Relicensing is for better licence compatibility is conducted if the current licence is incompatible with those of other jointly used components so that a greater combined work could be licensed somehow.
Relicensing is possible:
- Due to prior use of a permissive FOSS licence or another licence that allows sublicensing;
- If it is allowed to the guardian organization by contributors through contributor or copyright agreements, by which they grant the organisation the right to sublicense or relicense, that is, redistribute the work under a different license;
- If it is decided by the owner of the proprietary code.
Adding an alternative licence is not relicensing, as the old licence remains fully valid for those who decide to stick to it. Multi-licensing is therefore a better way to improve licence compatibility than relicensing. Also, it does not require a prior permissive licence or contributor agreements signed by all contributors. “Or later” styled licences are a concisely expressed form of multi-licensing in which all subsequent versions of the mentioned licence are accepted in advance, including those which currently still do not exist.
Governance of FOSS licences
Use of FOSS licenses depending on project intent
For internal use
- One can use any FOSS and not worry about licences – they have their code and are not giving it to anyone, which is OK with all FOSS licences.
- The code is kept private, but internal use is very limited – the use of software may easily evolve into sharing or use in commercial contexts that directly involve other parties.
- What when the creators later decide to offer software to others? Without considering the licences of used components. They may end up with components with incompatible licences, unable to choose one for the product/project. Therefore is important to:
- Start early to consider licences and overall attitude towards FOSS licences.
- Learn about licences of used components and determine which licences are acceptable within the project.
- Determine the potential future licence if the way software is used is changed.
Sharing software with someone
- With permissive licences of components, the modifiers do not have to make any source code available.
- With copyleft components, access to some or all source code must be allowed.
- When sharing, the same or compatible licence for changed code or even the entire project must be used.
- With several strong copyleft components, the creators may not be able to pick up a licence that is compatible with all of them.
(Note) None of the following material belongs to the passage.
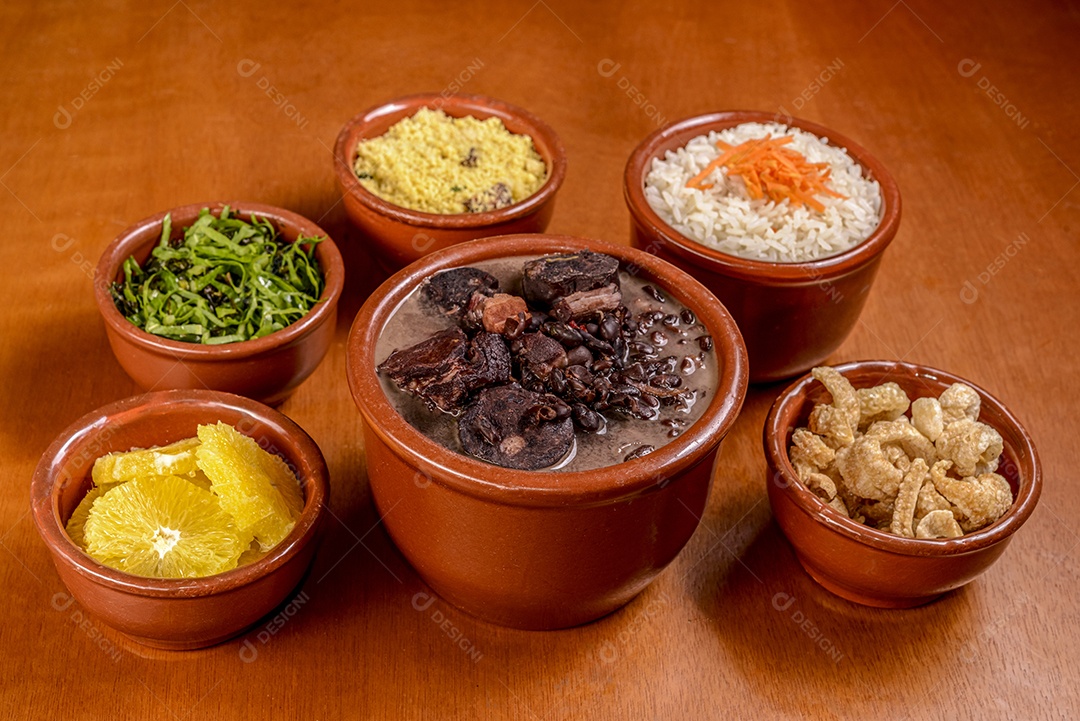 Feijoada brasileira. Comida feita com feijão preto, carne de porco e linguiça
- Licence compatibility has become a major and very actual issue in the wider software community.
- One should think twice about the software under a permissive licence that is effectively controlled by a single entity, especially if the software may be used in a service. Some modifiers or their customers may therefore prefer copyleft so that would be protected from licence changes.
For a service, the provider is safe if using any FOSS except one under AGPL (but even that as well as long as it does not mind letting the users get its code or do not want to use it from cloud providers, which may be forbidden from offering a service based on such software. The same applies to ‘fauxpen’ licences such as SSPL or ELv2.
Licence impact on community, quality, longevity and sustainability
Projects often follow a natural cycle of creation, a burst of intense activity, a long phase of steady use and productivity, and fading as it is replaced by new projects covering the same space but with a more advanced technology base; this happens through the slow or fast migration of the community. Factors that affect software sustainability and longevity are often analysed [https://opensource.com/life/14/1/evaluate-sustainability-open-source-project, https://repositum.tuwien.at/handle/20.500.12708/2820]. The longer the project is alive, the more likely it will exist. The activity of the community (number of contributions and active contributors) and the quality of its core members are more significant than the size of the user base for the sustainability of the software. An analysis of the Ohloh data, now at [https://www.openhub.net/], about a large number of FOSS projects [https://redmonk.com/dberkholz/2013/04/22/the-size-of-open-source-communities-and-its-impact-upon-activity-licensing-and-hosting/] indicates that:
- The larger the project is, the more like it is to work out the licensing issues and specify a licence. The portion of projects without a specified licence decreases with the number of monthly committers – they start at about 50% for a single committer, decrease to 40% for five, and stabilise at about 20% for projects with more than contributors.
- Permissively licenced projects are evenly distributed regardless of their size. They start at 20% for up to 10 monthly contributors, peak at about 25% for 20-30 contributors, and then return to the baseline.
- The use of copyleft licences coincides with the size of the active community. It starts with about 20%, increases to about 35% after 10 committers, and ends up at about 40% for projects with many contributors.
The lack of a clear licence is an indication that the developers find licensing unimportant, confusing or too time-consuming for their purpose. Such projects do not tend to last long and establish a large community.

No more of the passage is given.